87% des femmes victimes de violence numérique ont pensé au suicide, 20% sont passées à l'acte sans succès et une femme s'est donnée effectivement la mort après avoir subi une cyber-attaque... Ce sont quelques chiffres révélateurs de la dernière étude menée sur la violence numérique dans notre pays. Par Hayat Kamal Idrissi « Le phénomène de la violence numérique ne cesse de prendre de l'ampleur. Les victimes se multiplient parmi toutes les catégories sociales. Les canaux et les moyens d'attaque diffèrent et les retombées se font de plus en plus lourdes sur la stabilité psychique, socio-économique et sur l'intégrité physique des victimes », nous explique d'emblée Bouchra Abdou, directrice de l'Association Tahadi pour l'égalité et la citoyenneté (ATEC), initiatrice de cette nouvelle étude.
Mutisme
Axée sur la violence numérique dans notre pays, cette enquête a été réalisée par ATEC auprès des femmes et des filles marocaines ayant subi des cyber-attaques.

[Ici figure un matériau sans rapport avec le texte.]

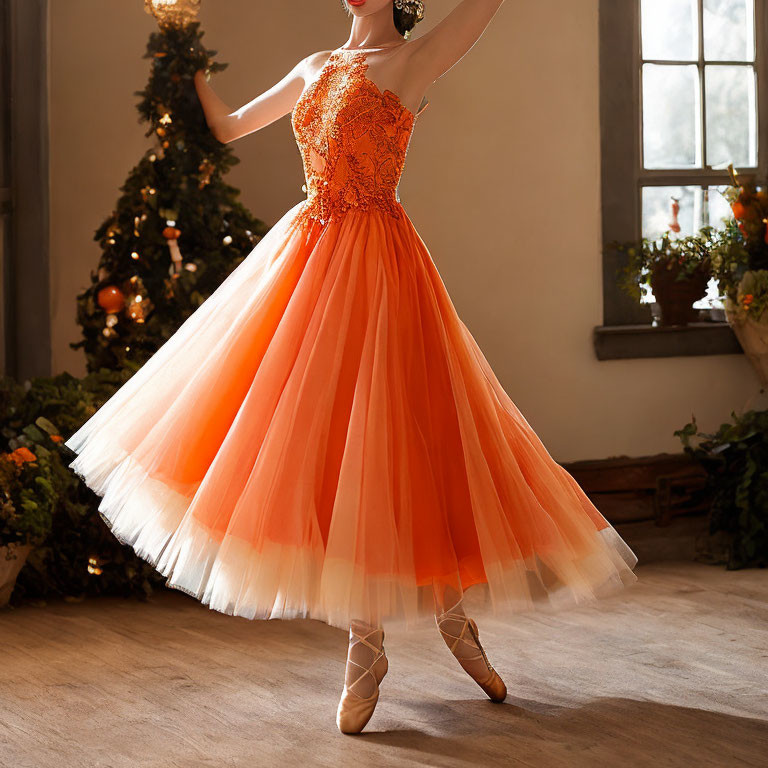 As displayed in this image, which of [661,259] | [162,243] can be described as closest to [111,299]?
[162,243]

Que ce soit à travers ses unités mobiles actives auprès des écoles et autres centres de formation ou au niveau de ces centres d'écoute à Derb Ghallef ou à Hay Hassani à Casablanca, l'association a pu noter « le grand silence qui enveloppe ce genre de violence », déplore la directrice d'ATEC. « La peur de la stigmatisation, l'auto-incrimination, la culpabilité, la crainte du rejet et des représailles de l'agresseur ou de la famille... sont autant de facteurs qui obligent les victimes à se réfugier dans le silence et à ne pas dénoncer leur agresseurs », exlique-t-elle.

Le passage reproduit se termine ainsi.